Apparently, we the people had enough of brands telling us what to think.

And many high-profile brands caught the brunt of this consumer backlash. Gillette’s “toxic masculinity” ad campaign elicited a collective groan from the public in the form of overwhelmingly negative sentiment on social media, with YouTube dislikes outnumbering likes by a factor of two to one. And while causality is hard to isolate, the correlation with parent company P&G’s $8 billion write-down of its grooming brand is hard to ignore.

Dick’s Sporting Goods reported a $250 million revenue shortfall, according to CEO Ed Stack in an October 2019 interview — roughly 1.7 percent of its annual number — resulting from consumers taking their wallets elsewhere after halting sales of AR platform rifles, a product category they barely participated in to begin with.

Why has this happened? Whether we’ve truly reached “peak outrage” and are now safely on the other side of cancel culture or not is debatable, but it’s clear we’ve shifted to a “C2B” world, a wonderful phrase coined by iCrossing’s former Strategy Chief Anne Bologna, where consumers now own the brand experience.

Values alignment is alive and well, but consumers now expect brands to align with their values, not the other way around. Brands that lose sight of this and believe that they are in the business of changing how society thinks about a subject on which they have zero expertise or credibility in the eyes of the consumer stand to lose money and trust.

Does this mean brands need to just shut up and focus on business? No. Far from it. Can Patagonia take a meaningful stand on protecting the Bears Ears National Monument in Utah? Yes, absolutely. Patagonia is synonymous with the outdoors and grassroots environmental stewardship. We turn to a brand like Patagonia to understand something like this. The same can’t be said of Gillette or Dick’s.

So what should our key takeaways be? 

Brand values alignment needs to start with the consumer.

How often do we say, in other forums, to make sure we start with the consumer and not our own egos?

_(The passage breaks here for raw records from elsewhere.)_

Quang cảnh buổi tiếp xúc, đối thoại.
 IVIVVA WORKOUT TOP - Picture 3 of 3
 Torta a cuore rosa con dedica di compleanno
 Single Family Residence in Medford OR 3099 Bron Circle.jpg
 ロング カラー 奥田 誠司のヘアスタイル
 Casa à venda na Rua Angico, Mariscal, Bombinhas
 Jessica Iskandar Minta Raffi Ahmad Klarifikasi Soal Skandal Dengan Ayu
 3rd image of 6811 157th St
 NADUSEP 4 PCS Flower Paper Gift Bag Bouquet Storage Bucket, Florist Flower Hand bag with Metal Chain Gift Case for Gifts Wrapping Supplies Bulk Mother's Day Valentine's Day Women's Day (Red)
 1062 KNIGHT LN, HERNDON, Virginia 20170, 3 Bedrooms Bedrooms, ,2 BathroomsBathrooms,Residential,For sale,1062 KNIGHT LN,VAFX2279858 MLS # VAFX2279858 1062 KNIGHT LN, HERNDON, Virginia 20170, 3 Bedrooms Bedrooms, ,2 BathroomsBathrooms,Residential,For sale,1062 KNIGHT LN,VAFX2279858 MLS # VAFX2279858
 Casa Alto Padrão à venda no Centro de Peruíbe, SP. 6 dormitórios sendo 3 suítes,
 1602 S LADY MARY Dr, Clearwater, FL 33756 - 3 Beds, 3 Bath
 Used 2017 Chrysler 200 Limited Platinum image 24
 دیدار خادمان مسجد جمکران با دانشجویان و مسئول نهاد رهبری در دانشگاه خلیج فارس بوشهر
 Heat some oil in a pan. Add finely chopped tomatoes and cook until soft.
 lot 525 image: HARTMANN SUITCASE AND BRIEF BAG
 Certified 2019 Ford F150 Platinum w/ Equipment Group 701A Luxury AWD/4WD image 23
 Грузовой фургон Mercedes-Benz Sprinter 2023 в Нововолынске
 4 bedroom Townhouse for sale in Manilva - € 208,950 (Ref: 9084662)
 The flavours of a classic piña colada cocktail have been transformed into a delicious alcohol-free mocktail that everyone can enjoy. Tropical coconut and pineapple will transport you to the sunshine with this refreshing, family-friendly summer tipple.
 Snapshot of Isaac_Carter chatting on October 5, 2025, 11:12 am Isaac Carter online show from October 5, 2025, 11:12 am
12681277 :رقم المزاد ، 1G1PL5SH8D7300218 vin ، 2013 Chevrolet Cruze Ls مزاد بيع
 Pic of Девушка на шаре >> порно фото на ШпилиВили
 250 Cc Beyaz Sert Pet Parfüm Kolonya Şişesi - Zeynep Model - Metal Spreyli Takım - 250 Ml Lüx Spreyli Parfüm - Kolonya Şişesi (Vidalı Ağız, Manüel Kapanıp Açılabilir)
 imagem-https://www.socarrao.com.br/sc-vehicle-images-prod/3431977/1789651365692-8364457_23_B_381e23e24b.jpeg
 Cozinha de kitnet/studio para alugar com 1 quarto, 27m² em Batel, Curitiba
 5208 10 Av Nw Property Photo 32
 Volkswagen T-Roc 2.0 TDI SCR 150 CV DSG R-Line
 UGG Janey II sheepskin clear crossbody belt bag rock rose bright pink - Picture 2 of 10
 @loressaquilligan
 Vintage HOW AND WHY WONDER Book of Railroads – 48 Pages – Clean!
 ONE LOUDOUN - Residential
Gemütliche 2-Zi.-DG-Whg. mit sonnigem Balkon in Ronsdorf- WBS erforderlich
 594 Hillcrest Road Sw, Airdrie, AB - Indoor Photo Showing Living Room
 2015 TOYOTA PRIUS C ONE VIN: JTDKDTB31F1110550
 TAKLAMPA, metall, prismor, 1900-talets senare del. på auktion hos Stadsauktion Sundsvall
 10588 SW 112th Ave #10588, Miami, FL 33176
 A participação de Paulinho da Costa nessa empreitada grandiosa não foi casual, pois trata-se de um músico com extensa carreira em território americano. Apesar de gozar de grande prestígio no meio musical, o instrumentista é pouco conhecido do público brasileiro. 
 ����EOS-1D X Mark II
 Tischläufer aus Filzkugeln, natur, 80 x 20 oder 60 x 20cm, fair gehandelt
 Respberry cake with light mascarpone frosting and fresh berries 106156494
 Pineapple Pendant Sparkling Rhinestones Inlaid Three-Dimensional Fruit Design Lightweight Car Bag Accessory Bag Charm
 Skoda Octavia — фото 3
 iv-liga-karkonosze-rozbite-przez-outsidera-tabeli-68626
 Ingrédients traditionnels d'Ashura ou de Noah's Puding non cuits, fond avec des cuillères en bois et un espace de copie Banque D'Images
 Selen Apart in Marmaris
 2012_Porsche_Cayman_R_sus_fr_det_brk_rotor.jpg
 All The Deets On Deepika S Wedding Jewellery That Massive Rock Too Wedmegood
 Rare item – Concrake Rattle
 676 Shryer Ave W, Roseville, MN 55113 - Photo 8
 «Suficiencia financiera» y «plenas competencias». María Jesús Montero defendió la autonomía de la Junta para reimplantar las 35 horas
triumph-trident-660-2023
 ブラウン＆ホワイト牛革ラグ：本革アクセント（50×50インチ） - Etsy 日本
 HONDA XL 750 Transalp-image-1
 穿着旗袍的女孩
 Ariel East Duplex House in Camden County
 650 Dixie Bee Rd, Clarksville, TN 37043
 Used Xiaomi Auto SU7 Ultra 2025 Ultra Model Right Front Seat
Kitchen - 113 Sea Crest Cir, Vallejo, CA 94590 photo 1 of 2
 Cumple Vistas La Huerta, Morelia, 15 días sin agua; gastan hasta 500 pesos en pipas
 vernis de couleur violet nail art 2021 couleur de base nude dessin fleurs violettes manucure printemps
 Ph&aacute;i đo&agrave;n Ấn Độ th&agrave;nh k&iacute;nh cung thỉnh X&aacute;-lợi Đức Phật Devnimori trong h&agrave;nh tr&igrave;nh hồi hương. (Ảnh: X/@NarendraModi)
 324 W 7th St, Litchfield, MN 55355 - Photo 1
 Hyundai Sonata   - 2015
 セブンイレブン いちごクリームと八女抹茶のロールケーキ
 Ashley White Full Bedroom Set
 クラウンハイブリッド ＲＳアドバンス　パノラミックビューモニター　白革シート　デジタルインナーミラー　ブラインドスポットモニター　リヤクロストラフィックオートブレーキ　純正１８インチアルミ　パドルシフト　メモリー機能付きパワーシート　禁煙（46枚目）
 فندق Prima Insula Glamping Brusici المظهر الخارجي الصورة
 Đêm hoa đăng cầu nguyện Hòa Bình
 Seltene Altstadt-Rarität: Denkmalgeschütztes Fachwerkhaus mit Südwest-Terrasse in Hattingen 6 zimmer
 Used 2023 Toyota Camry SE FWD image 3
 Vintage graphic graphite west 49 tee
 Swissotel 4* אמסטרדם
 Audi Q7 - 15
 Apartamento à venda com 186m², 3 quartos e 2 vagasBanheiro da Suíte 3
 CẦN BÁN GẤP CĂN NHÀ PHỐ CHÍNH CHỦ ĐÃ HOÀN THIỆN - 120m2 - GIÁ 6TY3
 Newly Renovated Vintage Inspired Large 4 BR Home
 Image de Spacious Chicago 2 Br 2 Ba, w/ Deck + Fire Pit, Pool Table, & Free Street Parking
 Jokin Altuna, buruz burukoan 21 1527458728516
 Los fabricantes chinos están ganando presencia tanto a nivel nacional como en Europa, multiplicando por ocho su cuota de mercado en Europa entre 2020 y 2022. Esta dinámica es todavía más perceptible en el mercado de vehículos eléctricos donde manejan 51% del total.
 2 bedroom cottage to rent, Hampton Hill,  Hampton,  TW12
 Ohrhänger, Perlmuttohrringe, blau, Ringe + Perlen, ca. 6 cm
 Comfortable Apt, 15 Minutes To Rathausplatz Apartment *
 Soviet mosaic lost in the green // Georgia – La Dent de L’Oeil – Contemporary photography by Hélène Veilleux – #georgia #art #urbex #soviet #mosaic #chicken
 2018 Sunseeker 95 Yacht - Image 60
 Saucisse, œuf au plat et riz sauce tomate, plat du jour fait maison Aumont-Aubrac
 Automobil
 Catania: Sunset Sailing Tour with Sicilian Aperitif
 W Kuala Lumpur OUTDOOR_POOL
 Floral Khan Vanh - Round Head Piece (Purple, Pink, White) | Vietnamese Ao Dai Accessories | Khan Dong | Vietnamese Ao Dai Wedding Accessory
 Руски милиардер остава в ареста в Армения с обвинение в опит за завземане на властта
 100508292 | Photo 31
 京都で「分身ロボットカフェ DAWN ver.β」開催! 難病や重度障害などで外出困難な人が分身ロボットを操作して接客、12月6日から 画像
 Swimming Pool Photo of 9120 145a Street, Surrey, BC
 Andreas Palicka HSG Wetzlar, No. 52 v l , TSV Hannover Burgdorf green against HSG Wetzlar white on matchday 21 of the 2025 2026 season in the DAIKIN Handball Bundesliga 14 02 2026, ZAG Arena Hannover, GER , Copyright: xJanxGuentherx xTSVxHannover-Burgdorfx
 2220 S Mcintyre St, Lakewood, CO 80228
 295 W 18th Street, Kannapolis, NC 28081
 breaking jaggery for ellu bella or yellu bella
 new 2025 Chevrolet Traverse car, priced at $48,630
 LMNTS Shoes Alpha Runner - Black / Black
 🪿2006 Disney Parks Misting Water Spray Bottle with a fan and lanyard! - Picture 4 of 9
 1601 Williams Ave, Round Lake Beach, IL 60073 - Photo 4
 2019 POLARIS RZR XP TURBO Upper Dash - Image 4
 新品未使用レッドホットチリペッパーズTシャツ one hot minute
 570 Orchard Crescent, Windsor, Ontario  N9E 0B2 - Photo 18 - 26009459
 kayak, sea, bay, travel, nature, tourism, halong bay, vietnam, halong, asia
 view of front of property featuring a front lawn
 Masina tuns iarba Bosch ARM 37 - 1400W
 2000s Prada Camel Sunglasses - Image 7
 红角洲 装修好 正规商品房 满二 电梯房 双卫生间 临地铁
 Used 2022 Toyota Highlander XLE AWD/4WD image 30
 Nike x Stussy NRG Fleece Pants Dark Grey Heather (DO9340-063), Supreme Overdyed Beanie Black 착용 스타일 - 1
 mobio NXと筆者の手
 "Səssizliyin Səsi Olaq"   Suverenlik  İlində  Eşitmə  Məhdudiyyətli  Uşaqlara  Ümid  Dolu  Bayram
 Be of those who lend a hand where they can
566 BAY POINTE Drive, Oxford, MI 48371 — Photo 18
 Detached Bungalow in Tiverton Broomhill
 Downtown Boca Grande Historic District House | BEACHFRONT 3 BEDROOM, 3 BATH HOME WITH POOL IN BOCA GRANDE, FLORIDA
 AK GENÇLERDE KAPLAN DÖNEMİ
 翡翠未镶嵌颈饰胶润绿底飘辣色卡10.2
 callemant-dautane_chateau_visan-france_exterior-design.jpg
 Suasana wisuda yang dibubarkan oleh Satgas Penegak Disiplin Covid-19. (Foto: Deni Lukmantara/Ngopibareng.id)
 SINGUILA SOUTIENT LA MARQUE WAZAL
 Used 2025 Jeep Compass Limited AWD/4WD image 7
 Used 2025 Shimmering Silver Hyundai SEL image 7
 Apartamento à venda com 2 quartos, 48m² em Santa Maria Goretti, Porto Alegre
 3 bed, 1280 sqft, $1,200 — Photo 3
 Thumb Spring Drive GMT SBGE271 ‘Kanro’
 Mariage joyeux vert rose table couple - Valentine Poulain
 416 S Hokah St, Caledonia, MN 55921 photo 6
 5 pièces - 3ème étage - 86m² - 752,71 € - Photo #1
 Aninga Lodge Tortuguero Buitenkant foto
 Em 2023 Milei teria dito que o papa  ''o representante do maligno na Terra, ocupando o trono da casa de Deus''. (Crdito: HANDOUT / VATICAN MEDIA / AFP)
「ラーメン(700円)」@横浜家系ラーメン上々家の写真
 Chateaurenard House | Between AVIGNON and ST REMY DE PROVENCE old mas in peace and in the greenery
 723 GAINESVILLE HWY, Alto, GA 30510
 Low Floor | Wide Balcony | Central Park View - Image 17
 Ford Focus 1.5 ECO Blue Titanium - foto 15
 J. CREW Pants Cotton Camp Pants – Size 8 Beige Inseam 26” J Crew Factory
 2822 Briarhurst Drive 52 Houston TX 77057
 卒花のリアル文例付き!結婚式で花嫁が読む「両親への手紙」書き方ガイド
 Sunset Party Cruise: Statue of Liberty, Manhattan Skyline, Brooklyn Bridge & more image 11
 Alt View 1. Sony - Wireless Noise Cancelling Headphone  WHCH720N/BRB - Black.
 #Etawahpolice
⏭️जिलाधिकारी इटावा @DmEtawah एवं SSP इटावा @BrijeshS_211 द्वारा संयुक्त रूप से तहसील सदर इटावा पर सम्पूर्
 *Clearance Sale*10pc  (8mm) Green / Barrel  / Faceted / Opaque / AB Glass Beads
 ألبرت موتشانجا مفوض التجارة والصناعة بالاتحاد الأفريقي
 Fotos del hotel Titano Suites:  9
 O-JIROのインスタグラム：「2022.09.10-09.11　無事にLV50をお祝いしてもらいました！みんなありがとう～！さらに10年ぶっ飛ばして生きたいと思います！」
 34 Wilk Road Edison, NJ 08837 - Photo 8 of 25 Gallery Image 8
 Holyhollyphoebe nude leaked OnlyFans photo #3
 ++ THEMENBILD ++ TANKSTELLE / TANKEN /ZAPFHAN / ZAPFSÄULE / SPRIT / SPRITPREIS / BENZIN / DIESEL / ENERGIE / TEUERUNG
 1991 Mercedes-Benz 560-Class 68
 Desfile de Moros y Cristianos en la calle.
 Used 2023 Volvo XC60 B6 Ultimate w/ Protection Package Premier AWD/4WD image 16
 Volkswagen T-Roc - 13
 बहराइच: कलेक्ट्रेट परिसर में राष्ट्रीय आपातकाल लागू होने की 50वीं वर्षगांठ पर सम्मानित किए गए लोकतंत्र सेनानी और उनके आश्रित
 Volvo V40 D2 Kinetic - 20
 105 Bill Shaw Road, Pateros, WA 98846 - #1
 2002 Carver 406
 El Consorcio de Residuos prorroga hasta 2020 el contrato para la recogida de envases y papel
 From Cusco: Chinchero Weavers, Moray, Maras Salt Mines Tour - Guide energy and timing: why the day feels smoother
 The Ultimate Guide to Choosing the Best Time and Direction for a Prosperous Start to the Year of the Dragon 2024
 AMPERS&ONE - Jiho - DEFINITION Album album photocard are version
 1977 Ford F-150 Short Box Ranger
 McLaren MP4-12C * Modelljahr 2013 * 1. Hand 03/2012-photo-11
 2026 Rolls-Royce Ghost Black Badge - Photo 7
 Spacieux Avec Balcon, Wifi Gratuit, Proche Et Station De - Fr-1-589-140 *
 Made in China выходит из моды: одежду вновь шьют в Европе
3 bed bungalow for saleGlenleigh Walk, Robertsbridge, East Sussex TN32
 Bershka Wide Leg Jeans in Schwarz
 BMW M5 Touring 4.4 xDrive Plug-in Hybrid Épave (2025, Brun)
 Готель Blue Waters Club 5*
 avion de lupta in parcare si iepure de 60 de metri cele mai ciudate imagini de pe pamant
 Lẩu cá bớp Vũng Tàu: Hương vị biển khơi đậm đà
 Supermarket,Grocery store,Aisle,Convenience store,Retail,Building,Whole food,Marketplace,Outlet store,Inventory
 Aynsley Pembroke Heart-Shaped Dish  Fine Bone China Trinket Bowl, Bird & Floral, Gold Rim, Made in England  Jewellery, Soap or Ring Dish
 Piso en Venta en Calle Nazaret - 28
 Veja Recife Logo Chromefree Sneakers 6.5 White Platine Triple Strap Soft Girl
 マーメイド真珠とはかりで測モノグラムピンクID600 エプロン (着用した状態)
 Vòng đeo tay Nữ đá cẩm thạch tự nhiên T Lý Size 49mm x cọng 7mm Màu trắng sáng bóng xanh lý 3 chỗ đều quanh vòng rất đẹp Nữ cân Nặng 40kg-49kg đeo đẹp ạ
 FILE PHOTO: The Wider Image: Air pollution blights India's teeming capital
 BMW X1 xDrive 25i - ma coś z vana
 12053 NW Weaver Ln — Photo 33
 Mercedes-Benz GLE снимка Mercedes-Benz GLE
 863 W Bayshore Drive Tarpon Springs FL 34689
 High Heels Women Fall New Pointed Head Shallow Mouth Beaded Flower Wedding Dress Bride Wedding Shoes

There may well be a good time and place for the specific political or social predilections of the brand manager or CEO. Just not here or now. The consumer isn’t interested in being lectured to in 2019, and likely beyond this.

Start with cultural immersion.

Brands need to be much better listeners, much better participants rather than lecturers, and need to be culturally fluent in the lives of their audiences. This sounds so obvious and yet here we are still talking about it. Brands that are truly swimming in the culture don’t have this problem – they’re so immersed in the values, vocabulary, and lives of their consumers that launching an initiative contrary to the culture would be unthinkable. We all need to do a better job of being like these companies. Our personal egos can take a back seat here. 

Understand that we’re living in a “C2B” age.

Once we acknowledge that the consumer, and only the consumer, owns the brand relationship, it should change absolutely everything we do as businesspeople. This refocused lens means we need to rethink traditional brand-centric positions in favor of focusing instead on the current consumer mindset.

In short, be extremely careful about how you choose to attach yourself to an idea outside of your very limited scope of operations. If it’s new, it’s likely to be discarded at best and mocked at worst. Standing for something bigger than your narrowly defined product category is a good thing, all things being equal. But things are never equal in this day and age. If you haven’t been heavily participating for the last five years in whatever you choose to attach yourself to, you’re on thin ice.

Sometimes, it’s more than good enough to be great at delivering a great product.